Beginning with the first line, copy out each line of the material until the line containing "SXV Light Blue" has been copied as well.
# # # # #
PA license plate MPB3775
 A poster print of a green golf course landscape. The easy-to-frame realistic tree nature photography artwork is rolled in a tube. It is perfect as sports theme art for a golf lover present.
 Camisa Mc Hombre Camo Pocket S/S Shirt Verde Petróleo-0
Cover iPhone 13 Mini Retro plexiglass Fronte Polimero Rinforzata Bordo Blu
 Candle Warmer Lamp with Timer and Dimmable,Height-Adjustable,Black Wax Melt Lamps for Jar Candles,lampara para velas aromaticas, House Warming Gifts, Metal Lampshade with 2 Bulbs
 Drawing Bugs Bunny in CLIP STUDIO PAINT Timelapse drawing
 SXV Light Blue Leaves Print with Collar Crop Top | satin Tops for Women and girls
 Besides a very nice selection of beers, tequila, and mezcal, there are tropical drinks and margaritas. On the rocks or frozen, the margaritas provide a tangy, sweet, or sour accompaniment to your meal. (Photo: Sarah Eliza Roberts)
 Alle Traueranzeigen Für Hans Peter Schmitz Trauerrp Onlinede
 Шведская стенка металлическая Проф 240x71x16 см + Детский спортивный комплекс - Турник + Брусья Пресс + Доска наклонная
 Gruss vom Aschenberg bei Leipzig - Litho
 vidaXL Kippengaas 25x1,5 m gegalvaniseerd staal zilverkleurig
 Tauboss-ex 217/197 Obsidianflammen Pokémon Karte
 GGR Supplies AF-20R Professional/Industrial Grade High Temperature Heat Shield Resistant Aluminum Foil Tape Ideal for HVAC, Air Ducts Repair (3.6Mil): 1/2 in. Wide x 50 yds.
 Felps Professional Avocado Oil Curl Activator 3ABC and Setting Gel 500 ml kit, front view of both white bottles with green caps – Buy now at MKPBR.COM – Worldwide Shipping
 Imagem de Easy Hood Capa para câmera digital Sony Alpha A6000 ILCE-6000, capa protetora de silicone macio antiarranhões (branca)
# # # # #
▸ **RESPONSE BELOW**
PA license plate MPB3775
 A poster print of a green golf course landscape. The easy-to-frame realistic tree nature photography artwork is rolled in a tube. It is perfect as sports theme art for a golf lover present.
 Camisa Mc Hombre Camo Pocket S/S Shirt Verde Petróleo-0
Cover iPhone 13 Mini Retro plexiglass Fronte Polimero Rinforzata Bordo Blu
 Candle Warmer Lamp with Timer and Dimmable,Height-Adjustable,Black Wax Melt Lamps for Jar Candles,lampara para velas aromaticas, House Warming Gifts, Metal Lampshade with 2 Bulbs
 Drawing Bugs Bunny in CLIP STUDIO PAINT Timelapse drawing
 SXV Light Blue Leaves Print with Collar Crop Top | satin Tops for Women and girls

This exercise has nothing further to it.